Raising Equity? - Thinking About the Next Series



Historically, Boards of Directors and Special Committees have faced fairness issues and legal scrutiny in change of control transactions, particularly as it relates to the fiduciary responsibility to all shareholders in a proposed transaction. However, we see an increasing prevalence of actions being raised against fiduciaries involved in venture capital financing transactions. VC funded companies are often burdened with complex capital structures that have numerous minority shareholders and varying levels of preferred equity and liquidation preferences.When these companies seek additional infusions of capital, it can result in a “squeeze out” or “cram down” for the existing shareholder base. This has the potential to trigger significant fiduciary issues for the Boards and Special Committees overseeing the transaction process, especially if there are any interested parties to the transaction holding varying levels of preferred equity involved in the decision making process. In order to provide the necessary defense against potential shareholder claims, fiduciaries need to conduct a process that considers all alternatives available to the company, removes conflicting interested parties from negotiations and board approval, and ensures a post-transaction capital structure that is economically fair to all shareholders.

New Money, More Problems

In many instances, liquidity and time constraints can make companies feel like their back is up against the wall.The pressure to solve the immediate need for capital compels companies to move forward with less than ideal financing partners and agreements that, while they provide the much needed capital infusion, can create a number of unfavorable outcomes; such as, a convoluted capital structure heavily favoring later stage investors; restrictive measures imposed on management; and/or a requirement of adding a new board seat(s) creating a clash of personalities and interests.
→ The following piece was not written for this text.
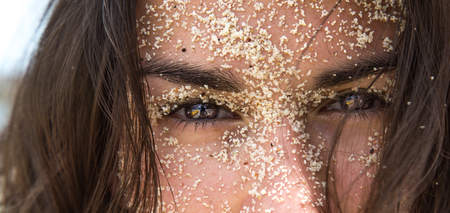 portrait of a girl in the sand concept of summer and beachの写真素材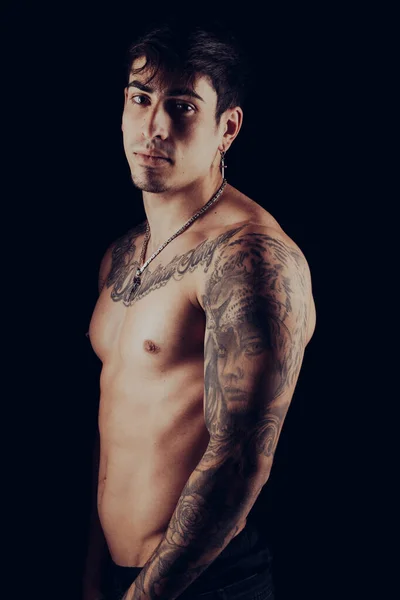 Jovem homem apto com tatuagens nos braços e tronco — Fotografia de Stock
All of these outcomes create fiduciary risk for Boards and Special Committees overseeing the process and can elicit a wave of claims from shareholders.

Fairness Opinion or Alternatives?

These issues are most common in down round VC financings involving a “cram down” or forced conversion of existing shareholders, but can arise in many other late stage VC and/or growth equity financings. Best practice suggests the retention of a reputable independent financial advisor to represent the Board or Special Committee to issue a supportable, well-documented opinion as to the financial fairness of the transaction to the shareholders.However, some companies are concerned about the costs associated with obtaining a fairness opinion and must look to other avenues. This not only takes up a substantial amount of time and energy from key members of the Board and management, it also does not solve the immediate need for capital.

Navigating Fiduciary Pitfalls for Boards and Special Committees

Though obtaining a fairness opinion is widely considered the gold standard in protecting members of the Board and Special Committee, the following outlines a number of practical steps and protective measures to minimize fiduciary risk and establishes a well-supported process that can withstand the scrutiny of the courts.First, ensure the process and actions of the board are fully documented, including minutes from board meetings and meetings of a Special Committee. Documenting the process is an effective measure that will help shift the burden of proof away from the Board and/or Special Committee. Second, we suggest that the Board or a Special Committee of the Board work with a financial advisor to assess viable options, ensuring that all strategic alternatives were considered and through careful consideration, the optimal solution is selected. Third, it is important that the Board and or Special Committee carefully identifies and removes conflicts of interest at the onset of a transaction that may taint the appearance of fair process and fair dealing. Care should be taken to form a team of independent, non-affiliated individuals to lead the process of selecting a capital structure that is economically fair to all stakeholders.Generally, board members who are also economic stakeholders in the company, should not be involved in the decision making process. Fourth, the company should design an appropriate capital structure that not only supports the proposed transaction but also simplifies the capital structure and positions the company for success in subsequent rounds of financing or future liquidity events. Lastly, and often considered the most cumbersome aspect of the transaction process, align the interests of all the shareholders in order to obtain shareholder approval and facilitate a timely transaction close.

A Case Study on Fiduciary Risk in Venture Capital Financing Transactions

In a recent transaction, Cognient was retained by a Special Committee to render a fairness opinion in conjunction with a proposed financing transaction for a venture capital-backed company. The company, having previously undergone several rounds of financing, had 10 existing layers of preferred equity, all with varying degrees of liquidation preference. The company initially designed a transaction that forced the conversion of all existing classes of preferred equity and common equity, regardless of liquidation preference, into a single class of common stock in the recapitalized company. Given the current value of the company, the initially proposed transaction was not fair from a financial point of view to several classes of shareholders, and therefore Cognient was unable to issue a fairness opinion. However, Cognient worked closely with the Special Committee and its counsel to create a paired-share equity structure that allowed all shareholders to both maintain their level of liquidation preference and their proportionate equity upside potential in the recapitalized company.This was accomplished through the design of one preferred security and one common equity security in combination with an economically appropriate exchange ratio for existing shareholder securities. The revised transaction resulted in full shareholder approval and the company obtained the capital it needed to grow and continue to work towards their goal of an initial public offering.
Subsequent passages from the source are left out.